From the line with "Ladies Phylipa Stainless" to the final line of the data below, please write out every line exactly, with no pictures.

Data for the task Block Start

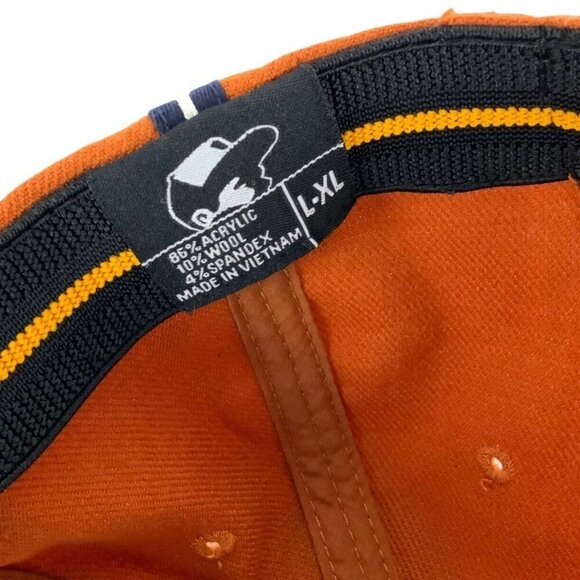 Texas Longhorns Embroidered Cap L/XL White & Orange Stretch Fit UT - Picture 7 of 7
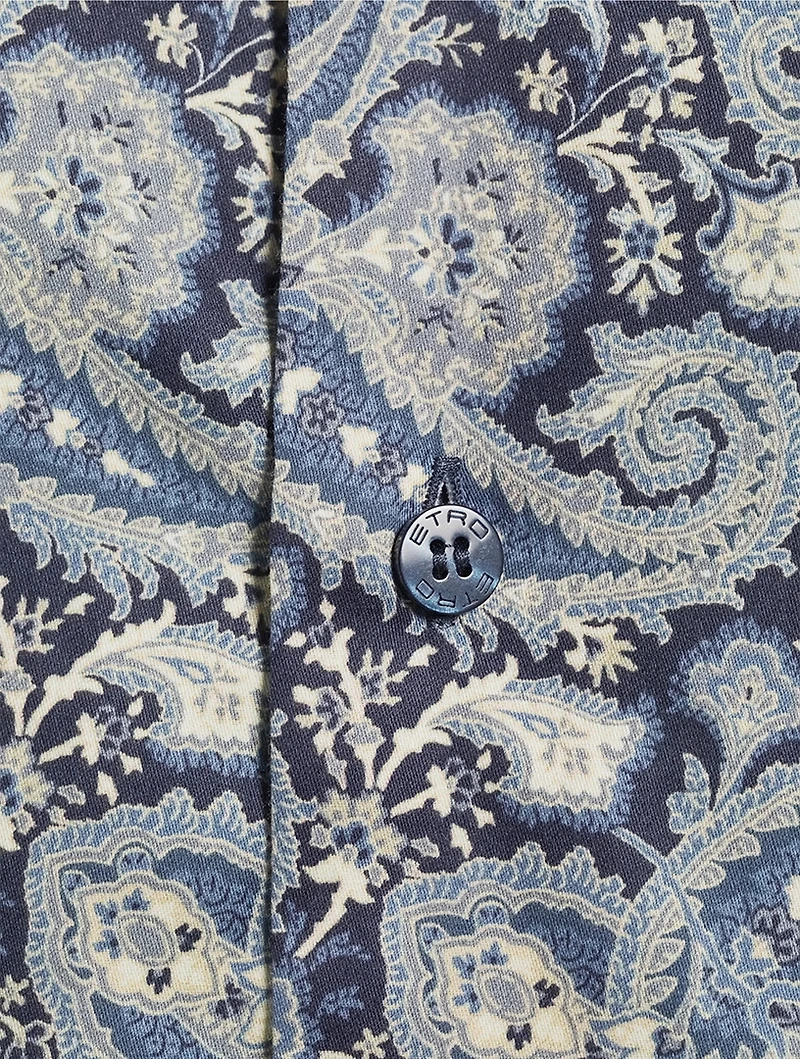 Floral Paisley Long-Sleeve Shirt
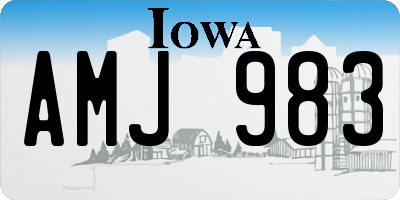 IA license plate AMJ983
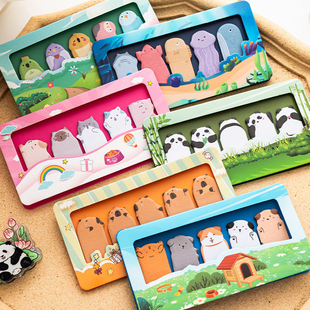 多功能标注贴彩色雨点阅读贴学生用读书批注贴水滴贴雨滴索引贴标注贴分类标签贴可书写可粘无痕书本标记贴纸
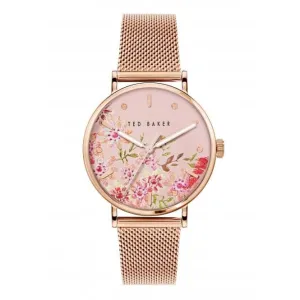 Ladies Phylipa Stainless Steel Rose Gold-Tone Watch BKPPHS237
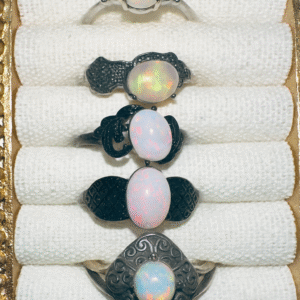 Ethiopian Opal Rings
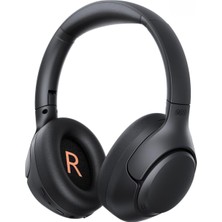 Storemax Hepsifursell Qcy H3 Hybrid Anc Hi-Res Bluetooth 5.4 Kafaüstü Kablosuz Kulaklık Çift Cihaz Desteği Siyah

Data for the task Block End

◆ **Written solution**
 Ladies Phylipa Stainless Steel Rose Gold-Tone Watch BKPPHS237
 Ethiopian Opal Rings
 Storemax Hepsifursell Qcy H3 Hybrid Anc Hi-Res Bluetooth 5.4 Kafaüstü Kablosuz Kulaklık Çift Cihaz Desteği Siyah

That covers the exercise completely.